If I have to pick just one, it would be Jill Crewe from Ruby Ferguson’s “Jill” pony books. This series isn’t well known in the U.S.—it’s a British series from the 1950s, which a relative brought home from Ireland for me when I was nine years old. I’d never read anything like it before. It contained horses AND humor, unlike the very earnest or action-filled horse books typically found at my local library (which also mostly starred boys).

Jill was irreverent and practical and down-to-earth, always noticing things like when you knock over a coffeepot, more coffee comes out of it then ever could’ve fit into the pot in the first place. I still have my set of paperbacks, though they’re so foxed and dry by now, the pages fall out as I turn them and drift to the floor like autumn leaves. 


What’s a work-for-hire project and how does it proceed?

Work-for-hire typically means that the publisher comes up with the idea for the book, hires an author to research and write it, and pays them a flat fee, which is usually broken into two or three parts (for example, 1/3 on signing, 1/3 upon completion of an outline, and 1/3 for delivery of the manuscript). There are no royalties, the publisher keeps the copyright, and once you’re paid, you’re usually done with the job. I have written many work-for-hire books, but I only earned royalties on one educational series (now out of print) and a small royalty on one trade book.

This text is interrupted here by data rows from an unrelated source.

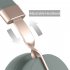 Fingertime P3 Noise Canceling Headset Stereo Hifi Headphones Wireless Gaming Headphones with Mic Black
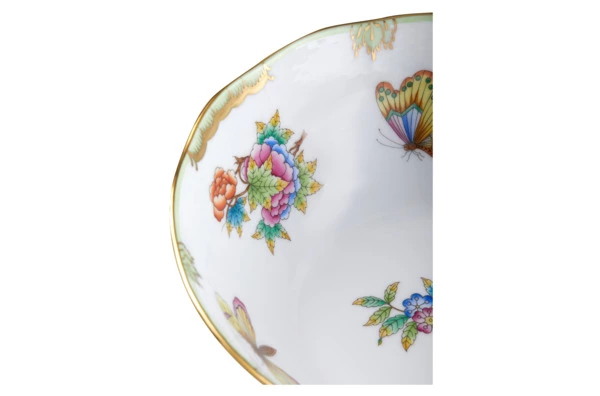 Сервиз столовый Herend Виктория на 6 персон 20 предметов, фарфор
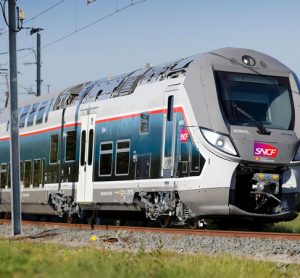 庞巴迪收到来自SNCF的11个Omneo高级列车的订单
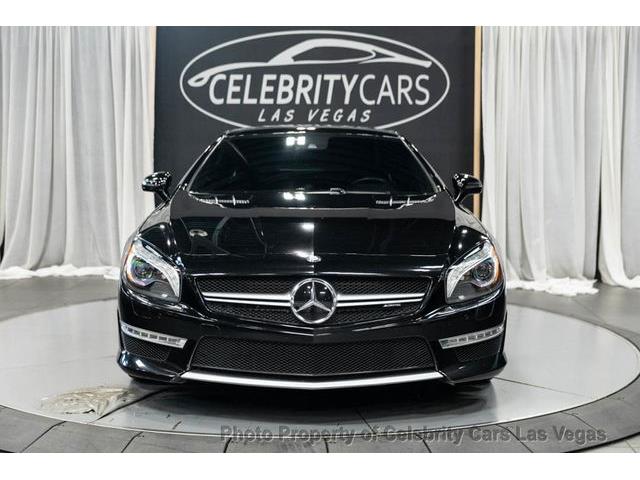 2013 Mercedes-Benz SL-Class (CC-2085178) for sale in Las Vegas, Nevada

You can get work-for-hire jobs in many ways. For example, a publisher might put out a general call for writers, to which you can respond, or they might contact you directly. You can also research publishers (typically educational publishers) to see if they hire writers for projects and follow their directions for sending in samples and a resume. You’ll often get lots of direction and specs to follow, though some projects have lots of room for creativity, in which case you may be given little more than a topic, a page count, and a word count.   

What do you make of the revival of interest in nonfiction books for children?

I’m thrilled! What a treat to enjoy such a bounty of gorgeous, fascinating books on so many topics, and it’s great that creative nonfiction is in the spotlight. But I think that revival is only on the part of publishers and educators…kids themselves didn’t need a revival. They’ve always loved nonfiction that’s not presented in a dry or dull fashion; they want to read nonfiction books that relate to topics they love, and study the pictures and diagrams, and tell grown-ups reams of fascinating facts.

Today’s beautiful nonfiction books make me think of some of the creative nonfiction that existed long before this renaissance of the genre: I still have my childhood copy of the Giant Golden Book of Dinosaurs and Other Prehistoric Reptiles, with its gripping text and fierce, beautiful paintings, and Marguerite Henry’s Album of Horses, with full-page paintings of horses and narrative text telling their history by way of stories. And Rain Drop Splash by Alvin Tressalt, a picture book published in 1946, is still being used to introduce kids to the water cycle.

Thanks, Christina!

1 comment:

Angie Quantrell said...

Great to get to know you! I feel the same way about deadlines. They really help me get projects done. My own deadlines? Not so much. If only! Have a great day!